The output power of the first delivery pump 305 is adjustable, and the delivery speed of the stock solution to the two-fluid atomizing nozzle 407 is adjustable. The first delivery pump 305 in this embodiment is preferably a plunger pump, which is driven by a motor, the rotational speed of which is adjustable, thereby adjusting the output power of the plunger pump. The plunger pump has the advantages of stable flow, small pulsation and remote delivery.

Optionally, the raw liquid pipeline assembly further comprises a second flow detection mechanism 306, and the second flow detection mechanism 306 is disposed on the raw liquid delivery pipe 300. In this embodiment, the second flow rate detecting mechanism 306 is a flow rate sensor, and in other embodiments, may also be a flow meter or the like. The second flow rate detecting mechanism 306 can detect the flow rate of the raw liquid in the raw liquid delivery pipe 300, and the first delivery pump 305 is controlled by the second flow rate detecting mechanism 306 to control the power of the first delivery pump 305 in accordance with the detected flow rate value, thereby adjusting the flow rate of the raw liquid delivered to the two-fluid atomizing nozzle 407 to a set value.

The stock solution pipeline assembly further comprises a liquid conveying pipe 310 and a diaphragm pump 303, the diaphragm pump 303 is arranged on the liquid conveying pipe 310, one end of the liquid conveying pipe 310 is connected to the top of the buffer tank 304, and the other end of the liquid conveying pipe 310 extends into the stock solution storage container 301 (stock solution barrel). In this embodiment, the diaphragm pump 303 is an electric diaphragm pump 303, a low liquid level switch 308 and a high liquid level switch 309 are disposed in the buffer tank 304, the diaphragm pump 303 is controlled by the low liquid level switch 308 and the high liquid level switch 309, when the liquid level in the buffer tank 304 is higher than the high liquid level switch 309, the diaphragm pump 303 is turned off, and the buffer tank 304 is no longer replenished with the original liquid; when the liquid level in the buffer tank 304 is lower than the low level switch 308, the diaphragm pump 303 is turned on to replenish the buffer tank 304 with the raw liquid.
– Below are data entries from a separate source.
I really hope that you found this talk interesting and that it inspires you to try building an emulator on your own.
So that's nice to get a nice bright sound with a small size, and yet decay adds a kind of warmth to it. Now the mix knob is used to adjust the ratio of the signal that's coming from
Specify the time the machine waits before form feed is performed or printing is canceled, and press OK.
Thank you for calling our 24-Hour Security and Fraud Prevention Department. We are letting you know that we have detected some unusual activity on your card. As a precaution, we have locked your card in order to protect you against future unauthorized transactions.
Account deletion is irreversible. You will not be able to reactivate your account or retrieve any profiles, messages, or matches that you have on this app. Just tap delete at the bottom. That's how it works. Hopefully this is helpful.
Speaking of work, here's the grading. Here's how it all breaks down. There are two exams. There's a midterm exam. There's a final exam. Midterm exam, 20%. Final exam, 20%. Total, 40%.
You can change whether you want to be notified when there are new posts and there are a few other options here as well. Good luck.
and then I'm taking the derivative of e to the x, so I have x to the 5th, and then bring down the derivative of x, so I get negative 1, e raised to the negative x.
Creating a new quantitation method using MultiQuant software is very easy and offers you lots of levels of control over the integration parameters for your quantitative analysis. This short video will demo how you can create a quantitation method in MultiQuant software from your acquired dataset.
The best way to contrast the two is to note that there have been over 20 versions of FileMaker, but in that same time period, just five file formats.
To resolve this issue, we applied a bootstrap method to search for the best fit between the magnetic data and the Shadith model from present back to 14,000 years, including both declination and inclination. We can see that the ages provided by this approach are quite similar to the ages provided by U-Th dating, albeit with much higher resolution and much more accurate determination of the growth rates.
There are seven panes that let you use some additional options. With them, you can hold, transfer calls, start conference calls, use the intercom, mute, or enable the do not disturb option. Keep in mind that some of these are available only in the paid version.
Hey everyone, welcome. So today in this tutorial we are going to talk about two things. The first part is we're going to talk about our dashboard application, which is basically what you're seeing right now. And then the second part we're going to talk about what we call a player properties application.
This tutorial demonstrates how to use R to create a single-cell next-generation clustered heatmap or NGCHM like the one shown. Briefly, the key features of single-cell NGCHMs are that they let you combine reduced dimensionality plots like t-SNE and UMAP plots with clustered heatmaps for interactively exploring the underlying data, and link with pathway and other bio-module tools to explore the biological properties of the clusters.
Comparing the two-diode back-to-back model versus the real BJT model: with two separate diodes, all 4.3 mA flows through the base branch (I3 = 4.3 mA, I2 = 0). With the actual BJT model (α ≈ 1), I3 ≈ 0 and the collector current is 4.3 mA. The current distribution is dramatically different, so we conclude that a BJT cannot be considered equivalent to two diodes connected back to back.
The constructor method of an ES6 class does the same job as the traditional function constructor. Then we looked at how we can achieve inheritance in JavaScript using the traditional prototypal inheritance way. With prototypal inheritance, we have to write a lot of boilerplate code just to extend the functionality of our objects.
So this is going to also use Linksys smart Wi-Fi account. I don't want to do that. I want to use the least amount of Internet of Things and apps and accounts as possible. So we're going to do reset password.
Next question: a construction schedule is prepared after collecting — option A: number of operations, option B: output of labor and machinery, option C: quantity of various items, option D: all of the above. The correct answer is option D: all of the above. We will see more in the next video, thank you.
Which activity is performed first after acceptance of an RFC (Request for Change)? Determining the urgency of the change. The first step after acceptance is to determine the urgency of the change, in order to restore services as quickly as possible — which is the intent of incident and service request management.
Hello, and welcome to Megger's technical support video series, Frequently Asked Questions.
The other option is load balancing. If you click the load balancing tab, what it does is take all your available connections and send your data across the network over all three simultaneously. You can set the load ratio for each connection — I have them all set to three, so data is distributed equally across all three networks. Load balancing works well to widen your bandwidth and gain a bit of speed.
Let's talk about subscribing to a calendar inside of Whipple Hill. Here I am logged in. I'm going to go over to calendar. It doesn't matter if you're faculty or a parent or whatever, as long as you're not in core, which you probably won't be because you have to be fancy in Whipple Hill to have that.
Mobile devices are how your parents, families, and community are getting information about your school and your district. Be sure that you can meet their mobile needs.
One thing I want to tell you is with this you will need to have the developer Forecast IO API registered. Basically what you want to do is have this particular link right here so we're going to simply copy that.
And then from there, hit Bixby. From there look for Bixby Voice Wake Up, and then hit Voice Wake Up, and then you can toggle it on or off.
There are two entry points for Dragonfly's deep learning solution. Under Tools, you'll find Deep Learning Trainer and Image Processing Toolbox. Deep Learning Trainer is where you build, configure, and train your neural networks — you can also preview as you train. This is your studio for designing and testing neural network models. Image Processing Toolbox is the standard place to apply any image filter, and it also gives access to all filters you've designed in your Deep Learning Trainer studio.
One end of the infusion tube 310, which is far away from the buffer tank 304, is connected with a liquid absorption rod 302, the liquid absorption rod 302 extends into the raw material storage container, the bottom of the liquid absorption rod 302 is provided with a liquid level switch 307, and when the liquid level in the raw liquid storage container 301 is lower than the liquid level switch 307, the raw liquid storage container 301 is replaced.

The compressed air pipe 200 is provided with a second regulating valve 201 and a first pressure detecting mechanism 202, and the first pressure detecting mechanism 202 is located downstream of the second regulating valve 201. The first pressure detection means 202 in the present embodiment is preferably a pressure sensor, and the second regulator valve 201 is preferably a proportional regulator valve. The second regulator valve 201 is controlled by the first pressure detection mechanism 202, and regulates the supply air pressure to a set value. The compressed air pipe 200 is filled with high-pressure compressed air.

It should be understood that the above-described embodiments of the present invention are merely examples for clearly illustrating the present invention, and are not intended to limit the embodiments of the present invention. Other variations and modifications will be apparent to persons skilled in the art in light of the above description. And are neither required nor exhaustive of all embodiments. Any modification, equivalent replacement, and improvement made within the spirit and principle of the present invention should be included in the protection scope of the claims of the present invention.

Claims

1. A vaporization unit, characterized in that it comprises:

the hot air pipeline assembly comprises a hot air pipe (100), a first heater (106) and a blower (102), wherein the first heater (106) and the blower (102) are arranged on the hot air pipe (100);

a raw liquid pipeline assembly comprising a raw liquid conveying pipe (300), a buffer tank (304) and a first conveying pump (305), wherein the buffer tank (304) and the first conveying pump (305) are both arranged on the raw liquid conveying pipe (300), and the first conveying pump (305) is positioned at the downstream of the buffer tank (304);

the system comprises a compressed air pipe (200) and a vaporizer, wherein the vaporizer comprises a vaporizing liner (402), a two-fluid atomizing nozzle (407), an air outlet pipe (405), a second heater (408) and a third heater (409), the hot air pipe (100) is connected to the top of the vaporizing liner (402), the hot air pipe (100) can provide hot air for the vaporizing liner (402), the two-fluid atomizing nozzle (407) is arranged at the top of the vaporizing liner (402), and two inlets of the two-fluid atomizing nozzle (407) are respectively connected to the compressed air pipe (200) and the stock solution conveying pipe (300);

air-out pipe (405) set up in the bottom of vaporization courage (402), just the air intake of air-out pipe (405) sets up down, second heater (408) set up in the periphery of vaporization courage (402), third heater (409) set up in the bottom of vaporization courage (402).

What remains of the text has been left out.